• **Data for review**
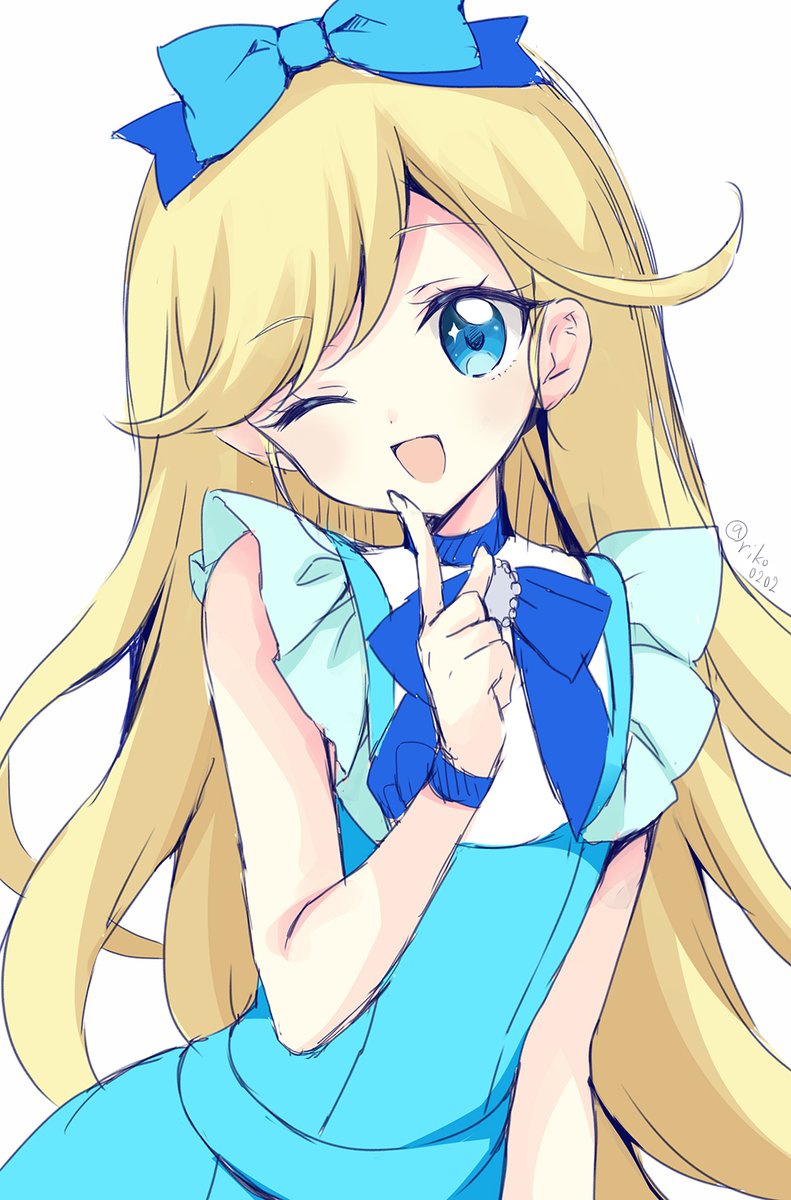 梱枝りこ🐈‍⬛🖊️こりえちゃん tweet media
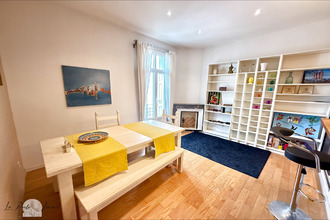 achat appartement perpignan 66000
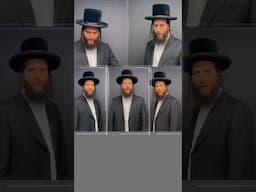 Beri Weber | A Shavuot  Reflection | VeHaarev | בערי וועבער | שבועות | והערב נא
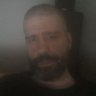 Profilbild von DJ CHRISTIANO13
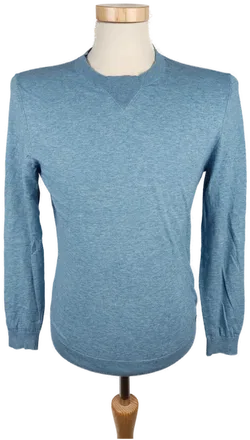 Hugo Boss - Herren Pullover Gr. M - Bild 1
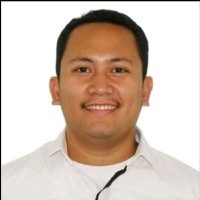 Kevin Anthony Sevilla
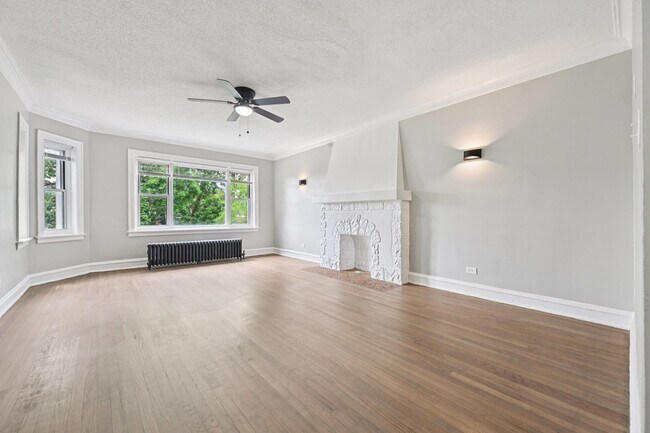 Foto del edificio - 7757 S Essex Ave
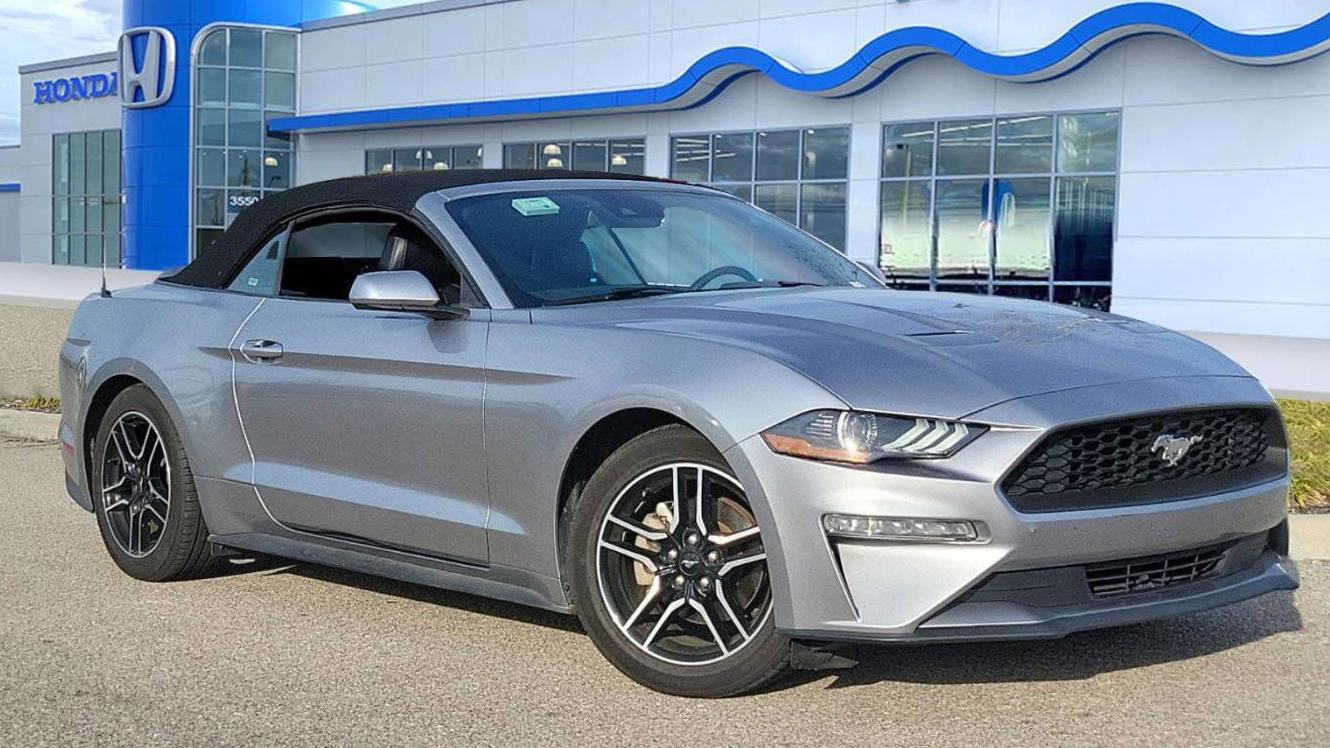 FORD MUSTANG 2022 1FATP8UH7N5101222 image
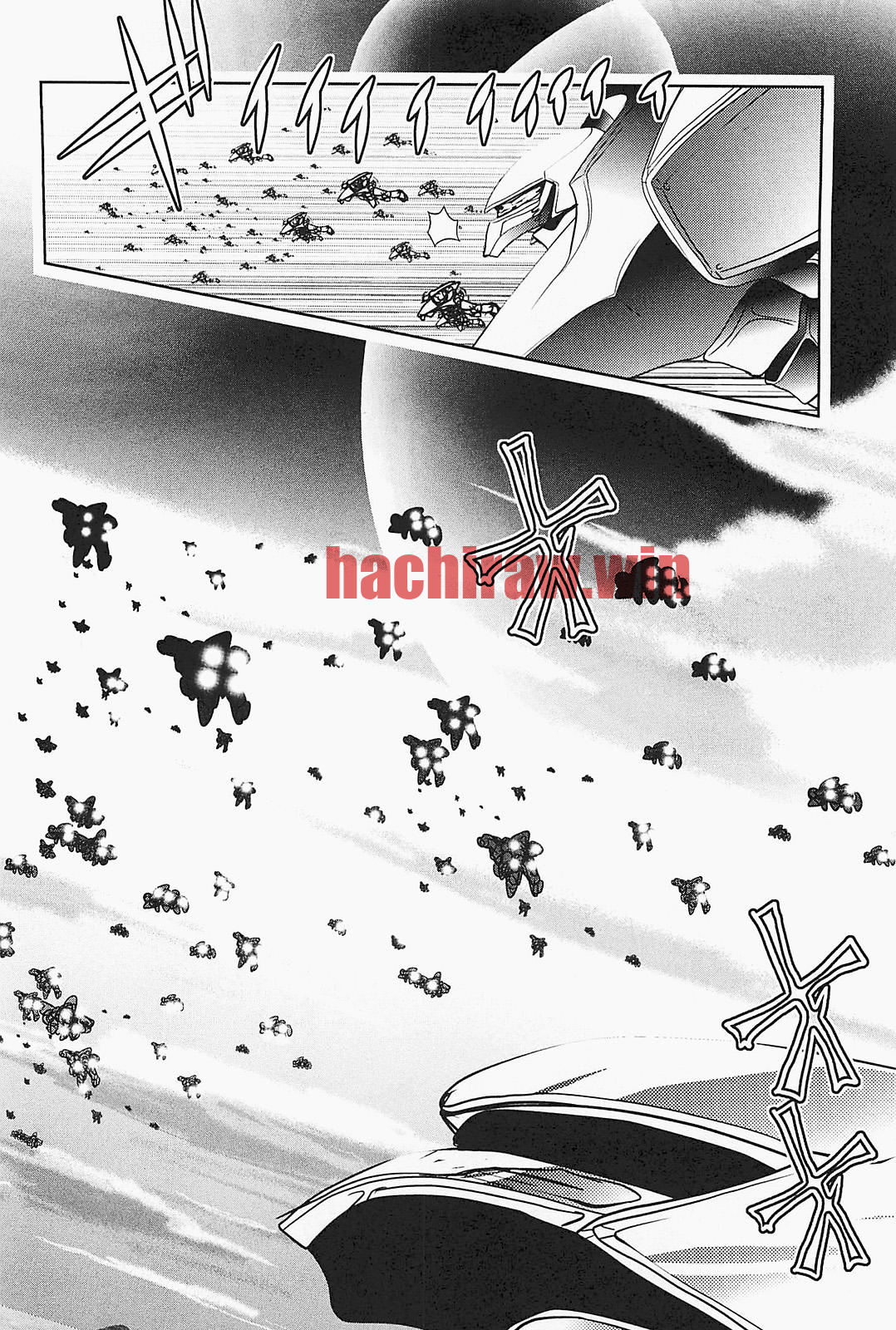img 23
...
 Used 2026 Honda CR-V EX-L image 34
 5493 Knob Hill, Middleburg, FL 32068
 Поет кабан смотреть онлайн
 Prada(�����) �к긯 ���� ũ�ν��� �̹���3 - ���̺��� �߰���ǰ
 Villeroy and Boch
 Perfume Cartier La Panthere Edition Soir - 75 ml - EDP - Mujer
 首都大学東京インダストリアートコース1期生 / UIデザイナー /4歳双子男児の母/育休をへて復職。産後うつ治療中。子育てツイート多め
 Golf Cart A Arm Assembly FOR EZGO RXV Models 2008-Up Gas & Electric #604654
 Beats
* * *
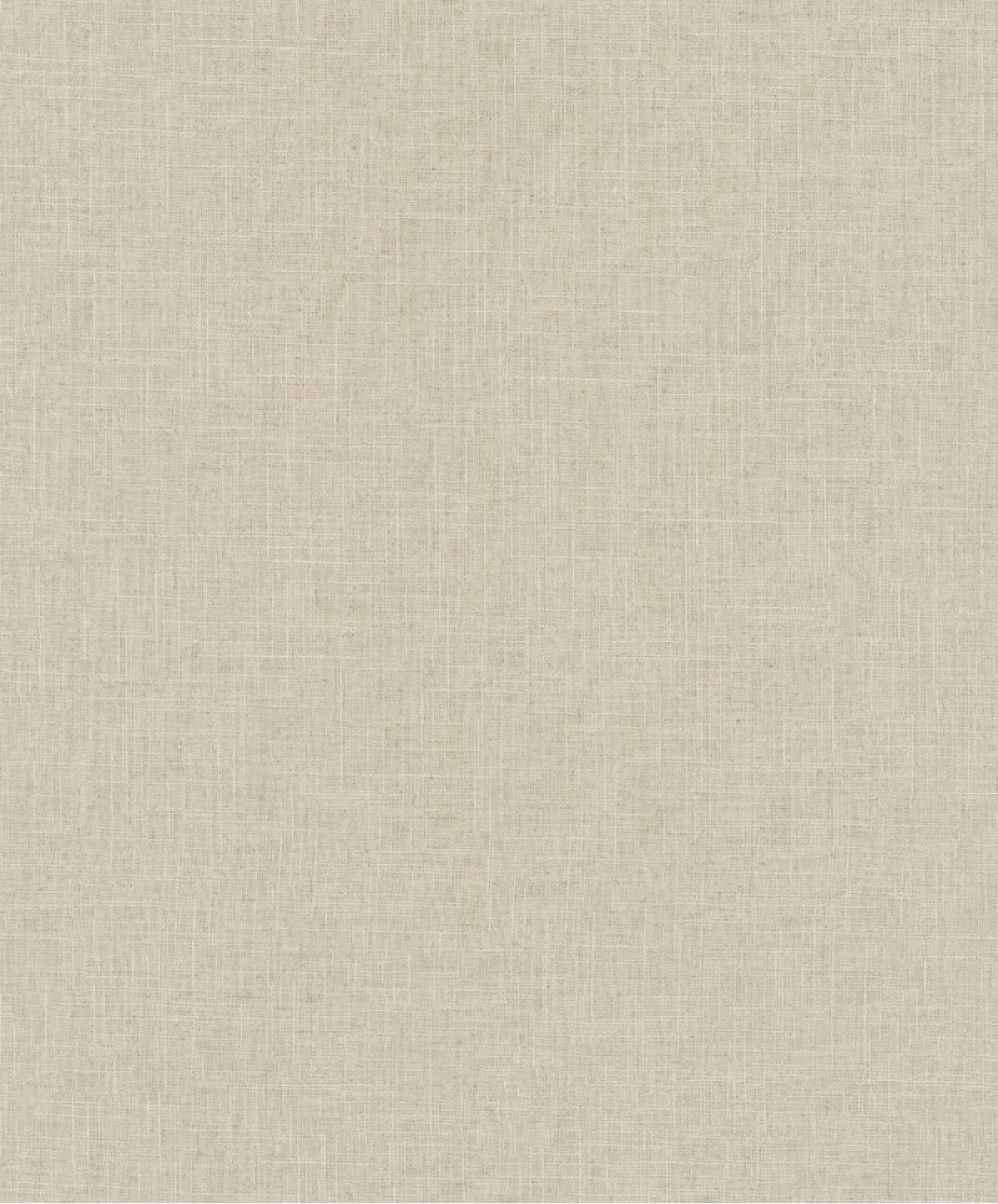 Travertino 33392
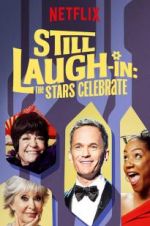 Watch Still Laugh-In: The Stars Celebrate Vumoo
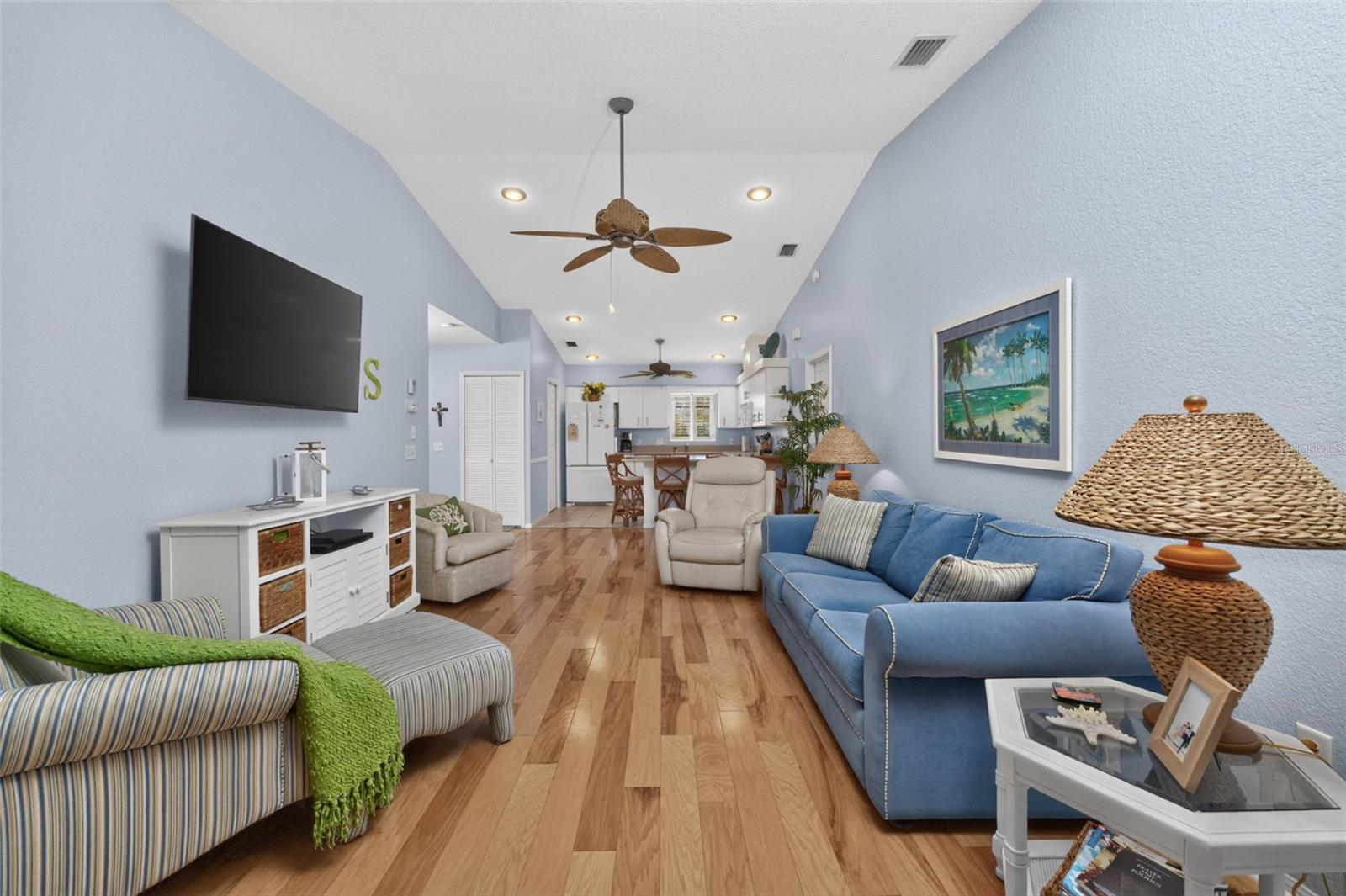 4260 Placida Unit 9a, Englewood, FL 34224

• **Task goal**
Look back at the entries above. Retype the line with "Used 2026 Honda CR-V EX-L image 34", the line with "Perfume Cartier La", and all lines in between.

• **Finished exercise**
 Used 2026 Honda CR-V EX-L image 34
 5493 Knob Hill, Middleburg, FL 32068
 Поет кабан смотреть онлайн
 Prada(�����) �к긯 ���� ũ�ν��� �̹���3 - ���̺��� �߰���ǰ
 Villeroy and Boch
 Perfume Cartier La Panthere Edition Soir - 75 ml - EDP - Mujer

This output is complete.